Waging war in call centres

Waging war in call centres

Call centre outsourcers must now have the same wage conditions as their clients, but at what cost?

Call centre outsourcers provide an experienced front line for customers at a price that varies according to the size of the contract and the scope of the task.

But call centre outsourcers will need to remodel their employee wage and condition structure to match those of their clients, following a Federal Court decision handed down in September.

The case itself involved a customer service contract Telstra held with outsourcer Stellar Call Centres. Stellar had provided an extension of the work that some of Telstra's in house staff already perform, by taking 'overflows' of calls, particularly in agreed regional areas.

"There shouldn't be the same reticence over outsourcers, or suspicion of how they provide their services."

While such terms are not idiosyncratic to this contract, it drew the particular attention of the Community and Public Sector Union (CPSU), as Stellar is a subsidiary of Telstra.

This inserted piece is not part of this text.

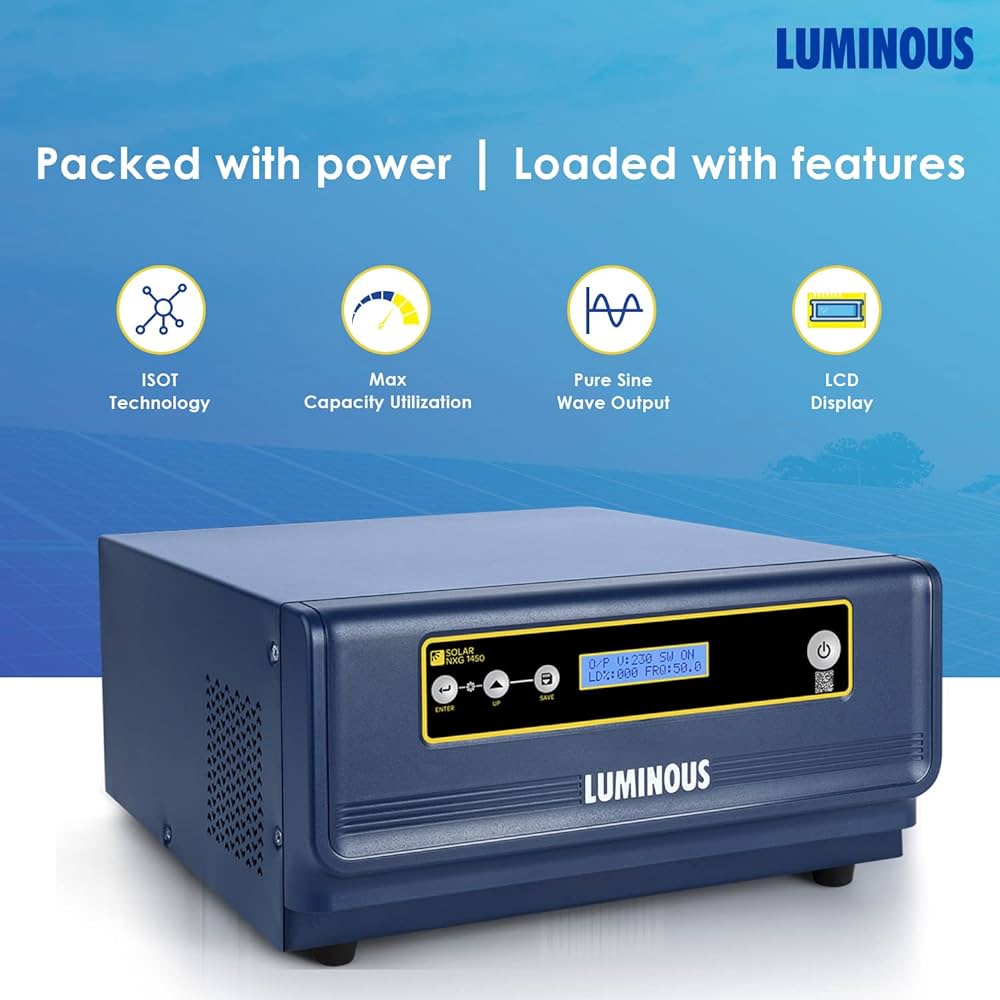 LUMINOUS SOLAR HYBRID IPS UPS NXG 1450 FOR SINGLE BATTERY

Contracted call centre staff were earning between $5000 and $10,000 pa less than their colleagues at Telstra for providing the same service, according to the CPSU.

The union has been the primary pursuant of this case, arguing that the NSW Workplace Relations Act requires staff who are performing the same task for a company, whether in that company or a contracted employee, should be subject to the same wage rights and conditions.

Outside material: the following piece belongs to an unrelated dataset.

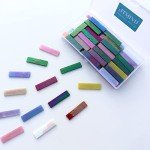 LITMIND Rectangular Iridescent Glass Mosaic Tiles for Crafts, 1.6" x 0.4" Precut Mixed Colors Stained Glass Strips, DIY Mosaic Making Supplies for Adults, 8oz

"With the decentralisation of the wage agreement structure, there is not the same protection for the employee or onus on the employer," said Stephen Jones, secretary of the CPSU's telecommunications division.

The decision only immediately affects companies that outsource to meet excessive demand on call centre roles that internal staff also perform, but the ramifications are set to influence the flexibility of all call centre contracting.

"Outsourcers are based on efficiency, and may handle calls on behalf of a number of clients," said executive director of the Australian Telemarketing and Call Centre Association (ATA), John McCoy-Lancaster. "Contractors will be forced to look much more at the worth of their clients, and monitor and control the time they spend on each account."

While Mr McCoy-Lancaster foresaw more complex contract arrangements by clients' human resources departments in the wake of the decision, he said that it should create more equality between the parties, and help clients establish partnerships with their outsourcing contractor.

"There shouldn't be the same reticence over outsourcers, or suspicion of how they provide their services," added Mr Jones. "Their contract agreements will reflect more of the contracting organisation's policies, which the client trusts."

Outsourcers may also find greater wage and condition security in the contracts they negotiate, Mr Jones said.

"Contractors will be forced to look much more at the worth of their clients."

For the equality it introduces, this decision will have an undeniable impact on both contractors' and clients' bottom line. "Contractors will have to look at their margins, which aren't big at the moment because there is not a lot of call centre outsourcing done in Australia," said Mr McCoy-Lancaster.

Mr Jones conceded that clients will also have to evaluate the value of paying contractors' fees and equivalent wage rates. "Companies may end up having a second look at the benefits of outsourcing, as there is not the same profit differential with regard to labour costs," he said.

While the CPSU is willing to pursue other litigation in future, it is writing to call centres and their current and potential clients to establish agreements over employee conditions.

The ATA is also developing a cooperative of interested outsourcers and clients through the creation that will negotiate industry standards "to make it easier to move forward", said Mr McCoy-Lancaster. This group will hold its first meeting in the next four to six weeks, and Mr McCoy-Lancaster hoped to be able to implement some of the standards it agrees on early next year.